**Assignment:**
Output each entry verbatim.

**Data listing:**
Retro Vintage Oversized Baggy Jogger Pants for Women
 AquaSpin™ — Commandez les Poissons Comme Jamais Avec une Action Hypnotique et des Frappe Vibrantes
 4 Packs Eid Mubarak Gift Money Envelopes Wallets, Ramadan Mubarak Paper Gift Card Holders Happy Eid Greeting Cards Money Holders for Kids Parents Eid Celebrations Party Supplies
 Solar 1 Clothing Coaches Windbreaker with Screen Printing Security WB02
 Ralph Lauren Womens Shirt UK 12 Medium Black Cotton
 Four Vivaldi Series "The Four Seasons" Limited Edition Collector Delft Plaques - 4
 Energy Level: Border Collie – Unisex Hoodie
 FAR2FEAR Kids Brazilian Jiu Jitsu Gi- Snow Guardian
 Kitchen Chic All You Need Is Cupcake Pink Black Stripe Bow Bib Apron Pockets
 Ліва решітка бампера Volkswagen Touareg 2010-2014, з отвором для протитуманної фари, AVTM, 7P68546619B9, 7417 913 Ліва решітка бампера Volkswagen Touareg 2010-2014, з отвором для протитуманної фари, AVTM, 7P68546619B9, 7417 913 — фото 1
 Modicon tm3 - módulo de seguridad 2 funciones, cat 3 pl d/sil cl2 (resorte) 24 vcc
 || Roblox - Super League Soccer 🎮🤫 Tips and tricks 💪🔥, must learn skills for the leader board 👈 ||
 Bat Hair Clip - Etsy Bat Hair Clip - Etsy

**Exercise result:**
Retro Vintage Oversized Baggy Jogger Pants for Women
 AquaSpin™ — Commandez les Poissons Comme Jamais Avec une Action Hypnotique et des Frappe Vibrantes
 4 Packs Eid Mubarak Gift Money Envelopes Wallets, Ramadan Mubarak Paper Gift Card Holders Happy Eid Greeting Cards Money Holders for Kids Parents Eid Celebrations Party Supplies
 Solar 1 Clothing Coaches Windbreaker with Screen Printing Security WB02
 Ralph Lauren Womens Shirt UK 12 Medium Black Cotton
 Four Vivaldi Series "The Four Seasons" Limited Edition Collector Delft Plaques - 4
 Energy Level: Border Collie – Unisex Hoodie
 FAR2FEAR Kids Brazilian Jiu Jitsu Gi- Snow Guardian
 Kitchen Chic All You Need Is Cupcake Pink Black Stripe Bow Bib Apron Pockets
 Ліва решітка бампера Volkswagen Touareg 2010-2014, з отвором для протитуманної фари, AVTM, 7P68546619B9, 7417 913 Ліва решітка бампера Volkswagen Touareg 2010-2014, з отвором для протитуманної фари, AVTM, 7P68546619B9, 7417 913 — фото 1
 Modicon tm3 - módulo de seguridad 2 funciones, cat 3 pl d/sil cl2 (resorte) 24 vcc
 || Roblox - Super League Soccer 🎮🤫 Tips and tricks 💪🔥, must learn skills for the leader board 👈 ||
 Bat Hair Clip - Etsy Bat Hair Clip - Etsy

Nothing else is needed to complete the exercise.